Anaheim let yet another victory slide out of their hands last night as, for the second time in as many efforts at Xcel, they let the Wild climb back into the game and claim the victory in overtime.

Daniel, there's a tendency to talk bounces and the nonsense of 'living right' when you have to listen to John Ahlers all year, but there is a fundamental problem with this team.  Even in games where the 'effort' was supposedly there for 60 minutes, the Ducks are giving away wins on so-called flukes.  Where is the real problem? Is it coaching, offense, defense or goaltending?

DANIEL:

Hmmm . . . all of the above.

This is a difficult thing to nail down. The fact is, as soon as the Ducks fix one thing, something else goes wrong. Against the Stars, we fail to convert multiple scoring chances, and as a result a couple of bad goals lead to a loss. If our offense had shown up, we probably wouldn't have been as deterred by the one bad goal. Tonight, we have a two goal lead and give it up in the final five minutes, clearly a defensive problem. The inability to be consistent and keep everyone focused is a coaching problem.

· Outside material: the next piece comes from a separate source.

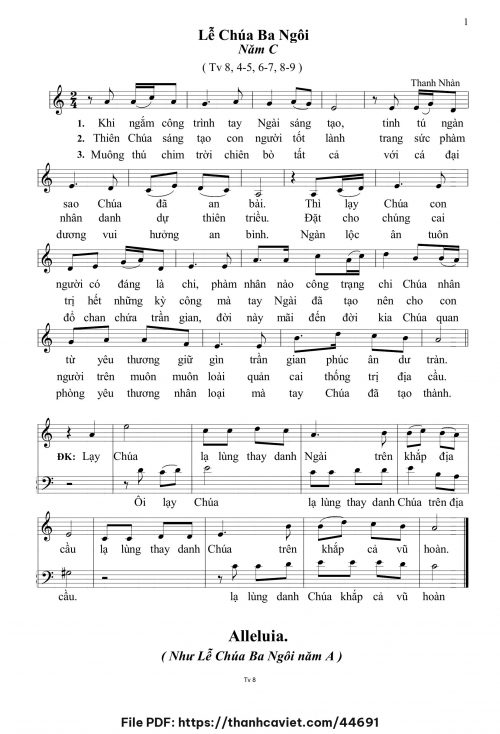 Lễ Chúa Ba Ngôi năm C - Thanh Nhàn - trang 1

The only problem I don't think we've had recently is between the pipes. Giguere was on a tear at home, and I'm not sure Carlyle should have interrupted that streak. I know Jiggy lost, but he put together the most impressive string of wins we've had all year. Let the guy hold onto the job for a while, and see if he can keep it at one loss.

In the interest of making a selection, I will begrudgingly say coaching is the problem. It seems to me that the Ducks are incapable of finishing, and that comes from a lack of focus. I know that's a tough thing to hang on a coach, as he can't necessarily control his players' focus, but he should be able to appropriately motivate them. I have been a strong advocate that Bob Murray made multiple mistakes with his player acquisitions, and that this has affected Carlyle's ability to execute his system. I still believe this. However, at some point, you have to make do with what you've got, and Carlyle has proven to be as hesitant as his GM. He engages in constant line shuffling, a lack of confidence in his young players and an inability to let players work through their adversity, choosing instead to simply scratch or otherwise move a player around the lineup. His lack of confidence in other players has led to an overuse of both the top line and Scott Niedermayer.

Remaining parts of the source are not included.